I’m trying to implement a Music Genre Classifier using CNNs, wherein I first convert music file into a spectrogram( Image for representing audio in frequency vs time graph) and then pass into the CNN model to classify it.
I first created the spectrograms of the music files in GTZAN dataset which contains 100 examples for 10 genres, using a python script.
I tried both fastai library and keras for this model, but the not even getting accuracy >35%
I have already generated the spectrograms of the GTZAN dataset’s music file through a python script. Here’s the link to the dataset of the spectrogram
- Spectrogram RGB: https://drive.google.com/open?id=1SNky91nOdmM_5EdXa9DHIKNahLnb9TLE
- Spectrogram Grayscale: https://drive.google.com/drive/folders/1JKZO89Fw5UDLW0l5q-xitfV4ZdZKav9-
1) With RGB Images
This is a spectrogram represeting a music file of rock genre
I distributed those images in same fashion, like in the cats v dogs wherein I created train,test,valid and sample folder. Then I ran the classifier of lesson 1 using resnet34 architecture, but I’m getting very less accuracy, about (14-35%) and the accuracy changes a lot even if I run the same cell again.
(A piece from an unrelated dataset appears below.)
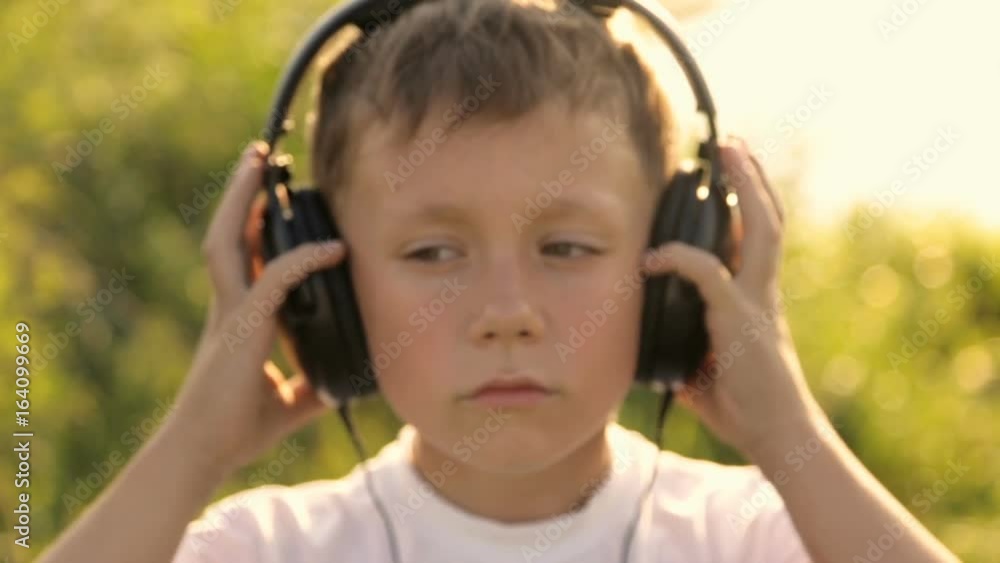 Portrait of a boy in headphones against the sunset Portrait of a boy in headphones against the sunset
Here’s the iPython Notebook and the data used for this notebook.
-
fastai Library(ResNet34) 18-30% Accuracy
https://drive.google.com/open?id=1uiM905qpV4JChb47YWPE2QIA7ige0zI8 -
Using keras
Inception: Upto 18% Accuracy
https://drive.google.com/open?id=1tV9WkYd2UaLj1g51AOTnXf57HKQTgZLS
ResNet50: Upto 20% Accuracy
https://drive.google.com/open?id=17ZhrELXrEsMgBKc8BCSg2ATkf4DZsc-6
2) With Grayscale Images
Then my friend suggested me, to convert those RGB spectrogram into grayscale spectrograms. I tried that, but didn’t work, I was getting the accuracy around 23% even after using the best learning rate from the learning rate finder.
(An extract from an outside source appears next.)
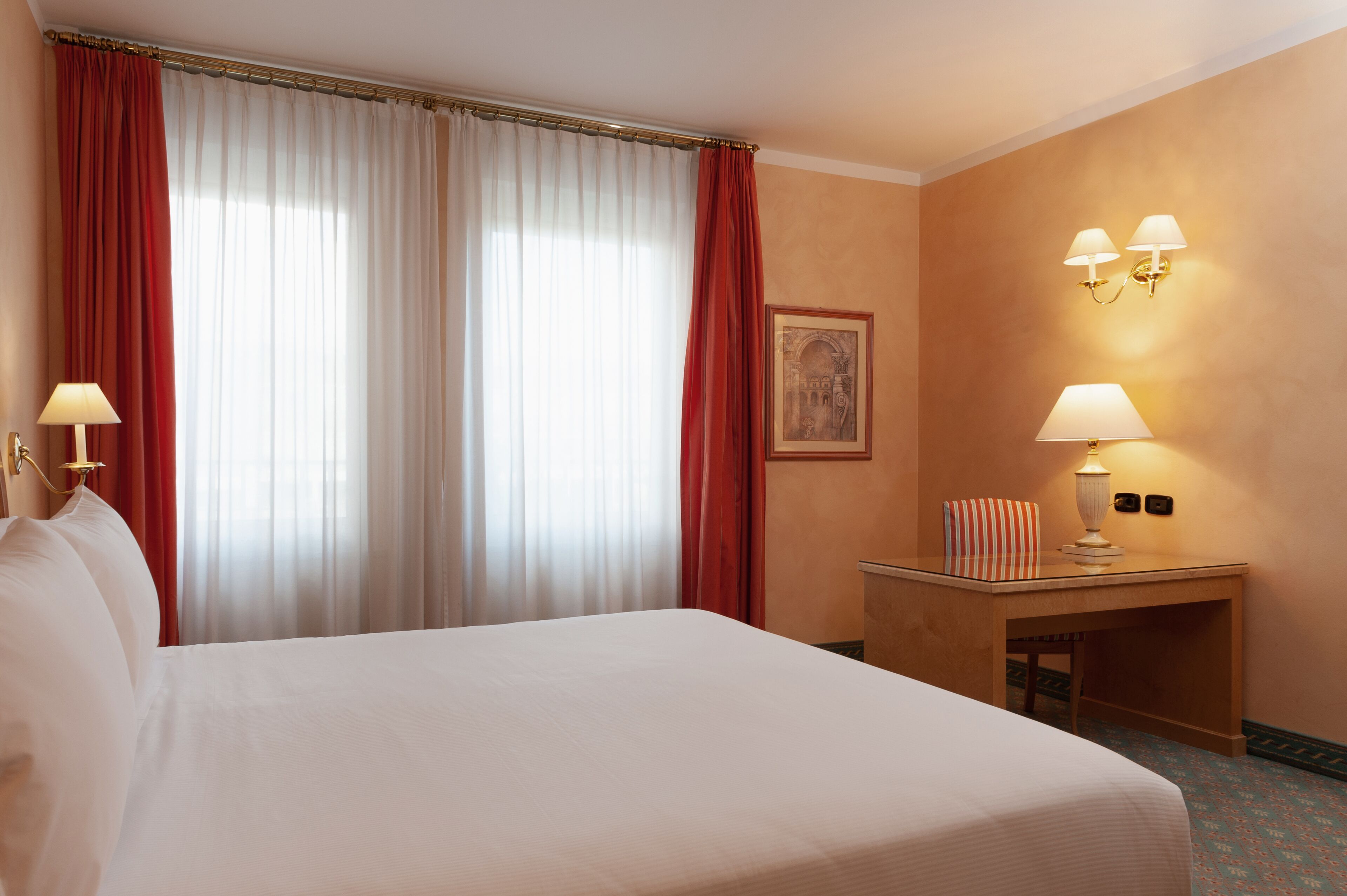 Una habitación de hotel con una cama grande, un escritorio con lámpara y un cuadro en la pared.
This is a spectrogram represeting a music file of rock genre in grayscale
This is the notebook that I used for this.
-
fastai Library (ResNet34) 7-18% Accuracy
https://drive.google.com/open?id=1xNEnWjv5koxJOSyBOuI3ibDTs-knRQtT -
Using keras
Inception: 10-13% Accuracy
https://drive.google.com/open?id=1_VIVHy_MCgu2pPjxGgvBWcKpsHfX50-j
ResNet50: 11-17% Accuracy
https://drive.google.com/open?id=1OipBlrpo4h2BYTUFkX-qVNjUkBs_NWt5
I have been trying to improve the performance of the model by changing learning rate, changing the colour of the dataset(RGB->Grayscale) but didn’t get any satisfying results and slightly frustrated.
Please suggest any changes and the mistakes I’m making, so that it will help to improve the performance of the model. Also I tried to visualise the model in keras using the tensorboard, the model doesn’t starts training when the “write_grads=True”, in the callbacks.
Thanks!